The genomes of pathogenic bacteria are being rapidly sequenced. A major challenge is to devise efficient, sensitive, and specific assays to screen bacterial genomes to identify pathogenic proteins and determine their specific roles in pathogenesis. Although yeast cannot serve as a physiologic model of human infection, our laboratory and others have recently established Saccharomyces cerevisiae as a powerful model system to study bacterial proteins that target potentially conserved eukaryotic host cell processes. Preliminary evidence presented in this proposal demonstrates that toxic yeast phenotypes conferred by Shigella proteins are a sensitive and specific screen for proteins that target host cell processes. Given its relatively small genome, genetic tractability, well- developed post-genomic tools, conservation of many basic cellular processes, and the wealth of available systematic data S. cerevisiae is an ideal model organism for multidisciplinary systems- biology studies. In response to PA-02-011, "Bioengineering Research Grants," we propose to develop and validate a multidisciplinary, integrative, systems approach in yeast involving genomics, proteomics, cell biology and novel bioinformatics software development to identify host cell processes targeted by three Shigella proteins, IpgB, OspCI and OspF. Evidence suggests that each of these proteins is delivered directly into host cells during infection, but little is known about their functions within. We hypothesize that the genome-wide screens described in this proposal will result in the characterization of the molecular roles in pathogenesis of each of these proteins. Experiments in this proposal focus on proteins from the genetically manipulable Shigella so that we can relatively easily test hypotheses in physiologic models of disease. However, once optimized, this multidisciplinary approach should be applicable to study any microbial pathogen that targets intracellular host cell processes, especially pathogens that are dangerous to grow or difficult to genetically manipulate like Mycobacterium and Chlamydia. This work is important is relevant to public health issues since by investigations mechanisms that bacterial pathogens used to cause disease, we will gain information that will help develop new antimicrobials to treat these infections. Furthermore, we are interested in developing a new and efficient way to study bacterial pathogens that are dangerous and difficult to study in other ways.
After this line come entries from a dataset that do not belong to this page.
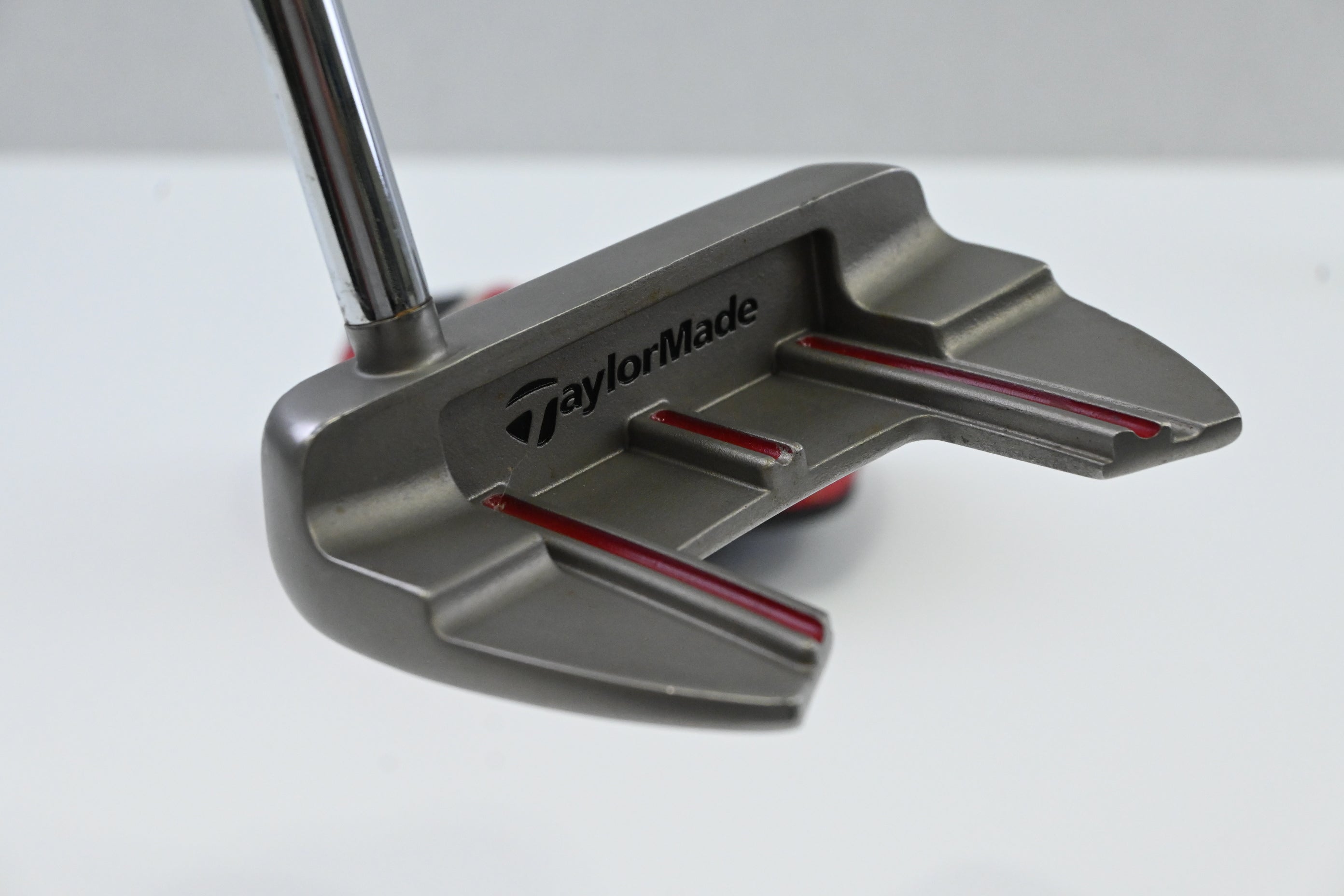 Taylormade Redline Monza Putter / 34 Inch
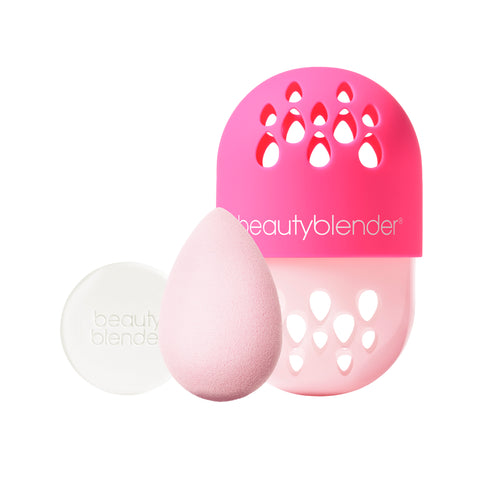 Beautyblender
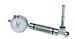 COMP Cams 4926 - COMP Cams Lobe Indicator Tools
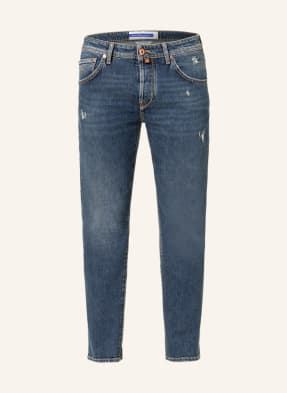JACOB COHEN Jeans SCOTT Tapered Fit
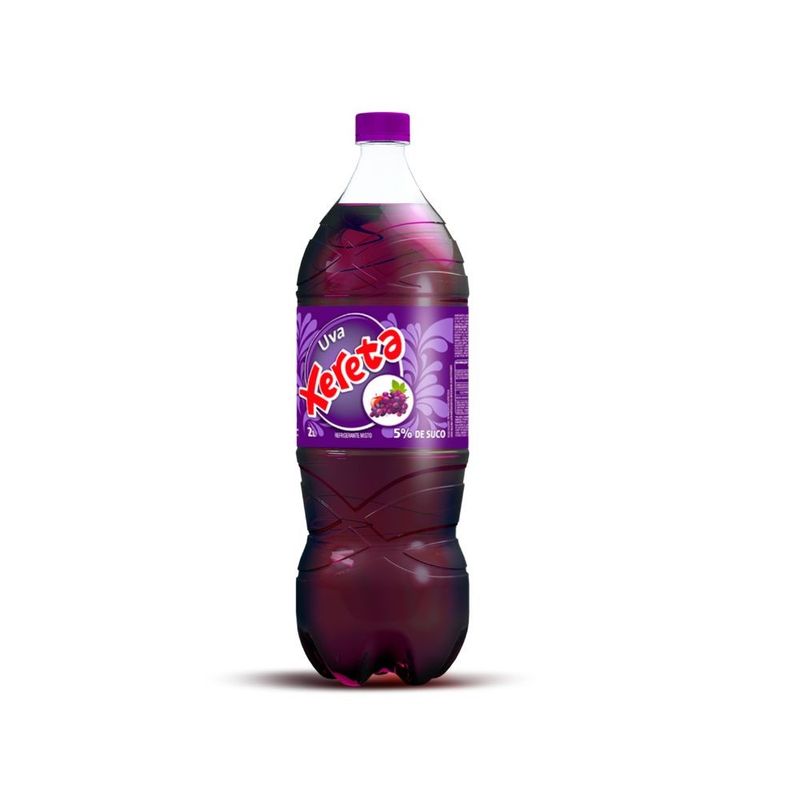 REFRIG-XERETA-2L-PET-UVA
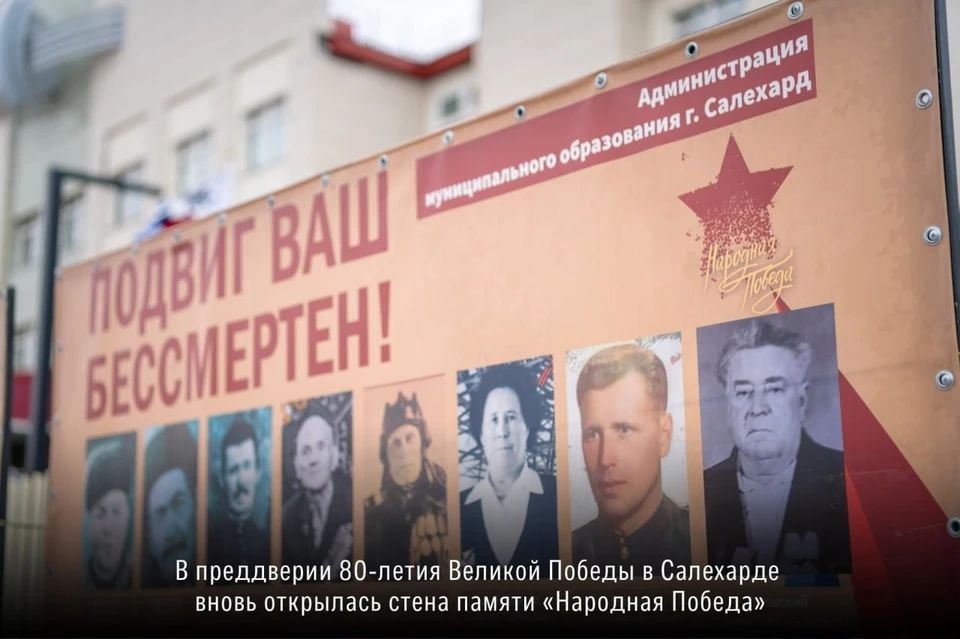 Фото: Алексей Титовский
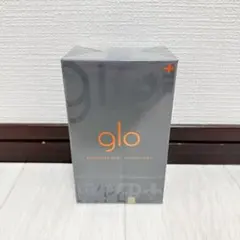 glo HILO plus 本体&タバコ&バスボム&スプレー セットbox - メルカリ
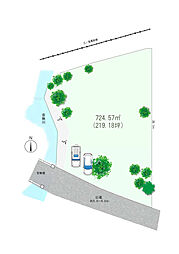 鎌倉市稲村ガ崎３丁目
致病细菌的基因组正在快速测序。一个主要的挑战是设计 高效、灵敏且特异的检测方法可筛选细菌基因组以识别致病蛋白 并确定它们在发病机制中的具体作用。虽然酵母不能起到生理作用 我们的实验室和其他人最近建立了人类感染模型 酿酒酵母作为一个强大的模型系统来研究潜在保守的细菌蛋白质 真核宿主细胞过程。该提案中提供的初步证据表明 志贺氏菌蛋白赋予的有毒酵母表型是一种敏感且特异的筛选方法 靶向宿主细胞过程的蛋白质。鉴于其基因组相对较小、遗传易处理性， 开发了后基因组工具，保护了许多基本的细胞过程，以及丰富的 现有的系统数据 酿酒酵母是多学科系统的理想模式生物- 生物学研究。为了响应 PA-02-011“生物工程研究补助金”，我们建议 开发并验证涉及基因组学的酵母多学科、综合系统方法， 蛋白质组学、细胞生物学和新型生物信息学软件开发，用于识别宿主细胞 三种志贺氏菌蛋白 IpgB、OspCI 和 OspF 所针对的过程。有证据表明 这些蛋白质中的每一种都在感染过程中直接传递到宿主细胞中，但人们对它们知之甚少 他们的职能在里面。我们假设本提案中描述的全基因组筛选将 导致这些蛋白质在发病机制中的分子作用的表征。 该提案中的实验重点关注来自可基因操纵志贺氏菌的蛋白质，以便我们 可以相对容易地检验疾病生理模型中的假设。然而，一旦优化后， 这种多学科方法应该适用于研究任何针对目标的微生物病原体 细胞内宿主细胞过程，尤其是生长危险或难以生长的病原体 像分枝杆菌和衣原体一样进行基因操纵。 这项工作很重要，与公共卫生问题相关，因为通过调查机制 细菌病原体用于引起疾病，我们将获得有助于开发新的信息 抗生素来治疗这些感染。此外，我们有兴趣开发一种新的和 研究危险且难以通过其他方式研究的细菌病原体的有效方法。